Results from today’s Phi Delta Kappa International (PDK) poll, combined with results from the 2017 Education Next survey earlier this month, demonstrate how both strong academics and career preparation are important to parents.
Parents Want Challenging Academics
The recent Education Next results found that the public strongly supports high, comparable standards. PDK reaffirmed these results, showing that parents want schools that offer advanced academic courses for their children, as well as STEM courses and career training. In fact, 76 percent of respondents see advanced academic classes as highly important indicators of school quality.
Parents also said it was highly important that schools support students in building interpersonal skills and problem-solving skills, which, combined with academics and career training, can provide a holistic skillset for students as they enter the workplace. According to PDK, “Americans recognize that success in the workplace and in life requires people skills as much as academic smarts, and they believe that schools should focus on both.”
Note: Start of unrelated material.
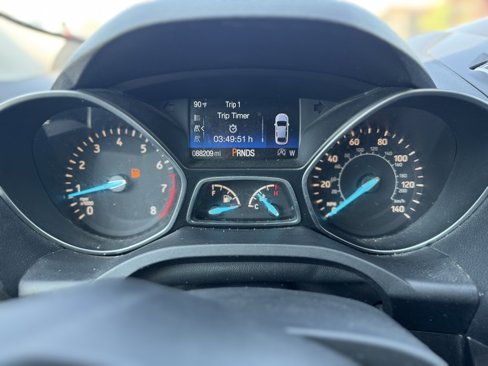 Used 2017 Ford Escape Titanium image 8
While PDK respondents did list standards as one of the “biggest problems facing schools in their community,” we wonder how the public would have responded if they had been directly asked about the value of standards. In the past, PDK’s results have made clear that parents support—and expect—rigorous education standards that emphasize critical thinking and real-world application. Last year, PDK reported that more than four out of five parents believed it was “extremely” or “very” important for schools to prepare their kids to think critically across subject areas, and just seven percent thought academic expectations were set too high.
Parents Need More Info
Parents deserve to have more – not less – information to help their child succeed. Information from assessments are just one part of the picture. We know from recent Learning Heroes research that while 9 in 10 parents believe their child is performing at or above grade level in math and reading, unfortunately we see from NAEP data that only one in three 8th graders are proficient in math and reading.
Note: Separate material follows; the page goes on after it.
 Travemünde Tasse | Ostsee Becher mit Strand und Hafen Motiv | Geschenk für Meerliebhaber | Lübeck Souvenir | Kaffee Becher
While Education Next found more than 60 percent of parents of school-aged children generally support assessments, PDK asked public school parents how confident they were that standardized tests do a good job measuring how well their child is learning, and found that 77 percent of parents felt “confident” to “very confident” of the quality of assessments being administered.
One of the most surprising things about these results was not the overwhelming confidence parents have in these assessments, but rather, that the authors framed these results through such a negative lens in their report. According to the PDK report: “58 percent of public school parents are confident that standardized tests do a good job measuring how well their child is learning, but a mere 19 percent are very confident of this.” While we find it very encouraging that a combined 77 percent of parents are confident that standardized tests do a good job of measuring their child’s progress, we were surprised to see PDK sums up their findings with the claim that annual assessments “draw little support from the public.” To us, the results are clear: A vast majority of public school parents recognize that high-quality assessments are providing parents and educators with valuable, accurate information about students’ academic performance.
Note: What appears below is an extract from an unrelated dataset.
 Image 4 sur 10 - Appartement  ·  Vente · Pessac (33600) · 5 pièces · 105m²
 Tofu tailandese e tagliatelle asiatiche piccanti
Today’s PDK results demonstrate the commitment that parents and the public have made to rigorous expectations and their confidence in high-quality, aligned assessments. Parents understand the value of setting high standards for all students and accurately measuring how students are meeting those expectations. Coupled with the Education Next findings, this is more evidence that the path forward for all students is to continue raising the bar – and to continue supporting students as they work to meet it.